Uma das histórias que me tocou foi a de um norueguês. Aparece citado numa nota de rodapé num jornal, em 1975. Este jovem decide, na sua juventude, meter-se num comboio com os amigos e fazer um interrail para vir conhecer a revolução. Ele ouviu falar de uma revolução com cravos, sem sangue. E nós já perdemos a memória disso, mas a verdade é que a nossa revolução foi inspiradora e um exemplo para o mundo. Um ano antes, tinha acontecido um golpe de Estado no Chile e ainda hoje se contam os mortos – já podemos ver a diferença. Foi um golpe em sentido contrário ao da revolução francesa.
Este norueguês andou uma semana a percorrer o país e, no dia em que decide ir a Braga, é no dia em que a Igreja convoca uma manifestação contra o PCP e contra o facto de ter sido ocupada a Rádio Renascença. Acaba a assistir e a fotografar o assalto à sede do PCP em Braga e leva 12 tiros. Depois de eu o procurar, ficou tão tocado com o facto de ter sido citado numa página de um jornal, que foi para uma casa de férias que ele tem descobrir o seu diário da época, as velhas fotografias e sentiu-se inspirado a escrever o relato – que vem publicado. Ele próprio achou que também era importante dar esse testemunho do jovem socialista que vem conhecer a revolução, no sentido de mostrar que Portugal fez bem, cresceu, amadureceu, com muitos erros e excessos, mas hoje é uma democracia plena. Foi das coisas que mais me tocou, vindo de alguém que é hoje um investigador conceituado na Noruega.

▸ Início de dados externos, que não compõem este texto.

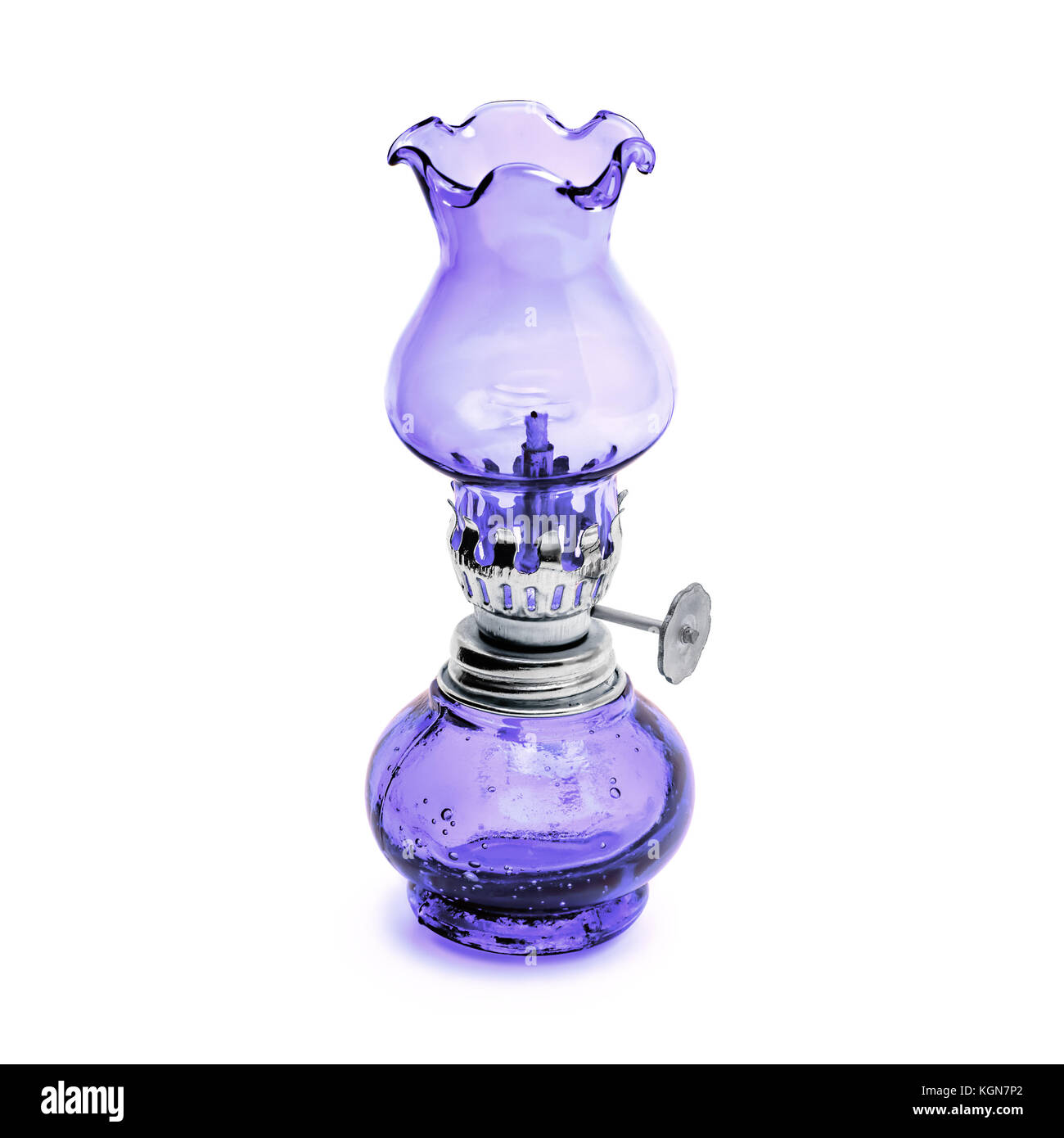 Oil lamp wick lantern made of purple glass and metal isolated on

Que histórias ficam por contar?
Muitas. E eu deixei histórias que podem ser mais esgravatadas e podem dar outro livro. A escrever e em entrevistas, demorei um ano, ininterrupto. A investigar já vão muitos anos. Eu sou jornalista 24 horas por dia, por isso, há sempre muito para contar.
Nasci e fui criado no Porto e não queria deixar chegar ao fim dos meus dias sem escrever um livro sobre o Porto. Não sei bem o quê, mas certamente a contar uma história que ainda não foi contada.